### ACTIVITY
Below are the records; give again exactly the lines from the one containing "自然风光蓝天湖泊高清摄影图" through the one containing "Vintage 90's German", leaving out pictures.

### RECORDED DATA

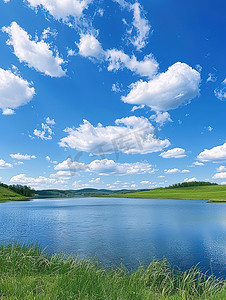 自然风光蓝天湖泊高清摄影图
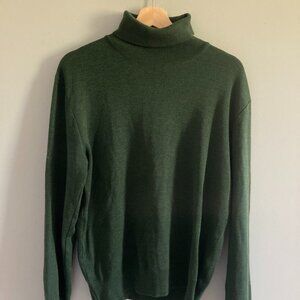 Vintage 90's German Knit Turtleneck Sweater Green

* * *

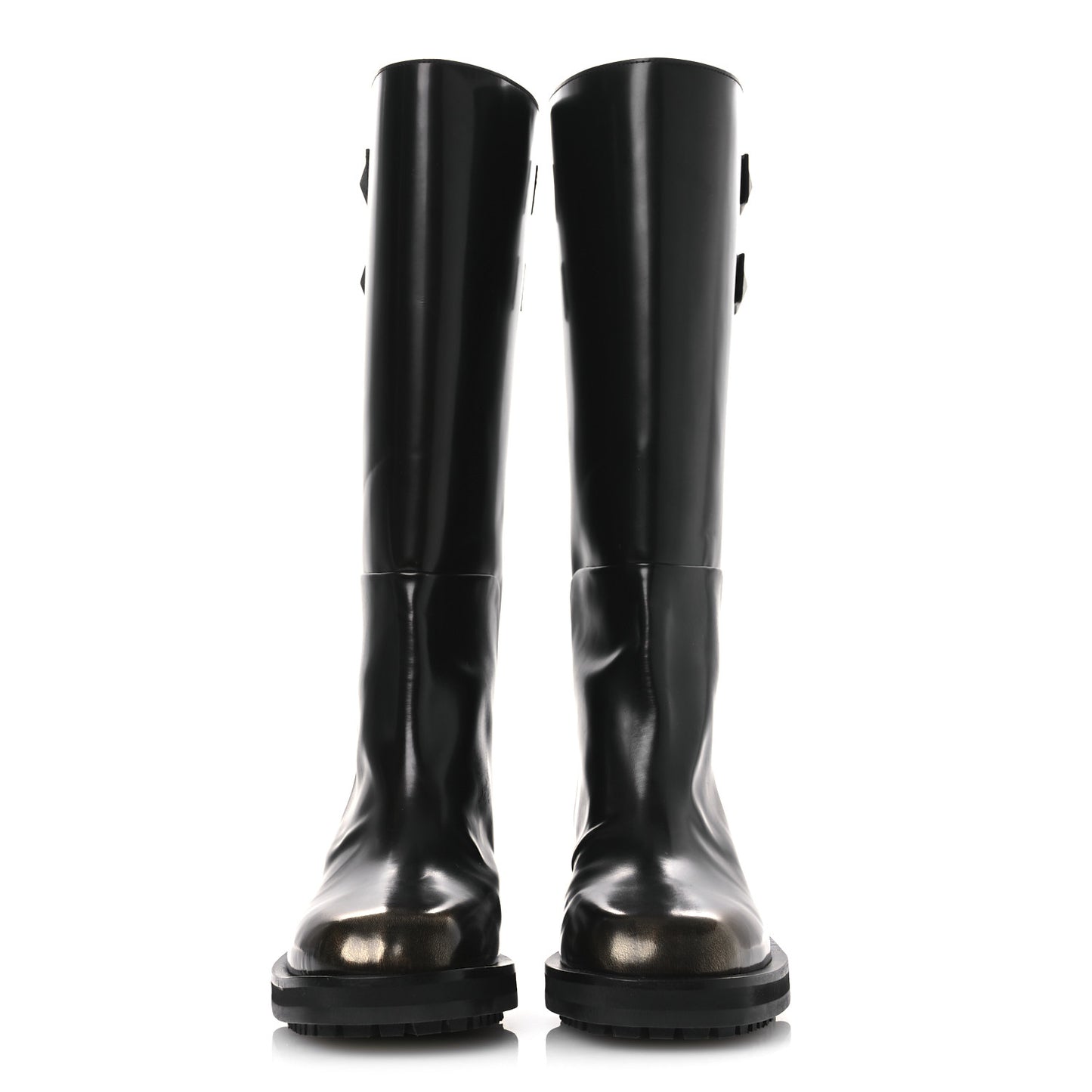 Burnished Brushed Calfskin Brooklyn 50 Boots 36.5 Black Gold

### RESULT FOR THIS TASK
 自然风光蓝天湖泊高清摄影图
 Vintage 90's German Knit Turtleneck Sweater Green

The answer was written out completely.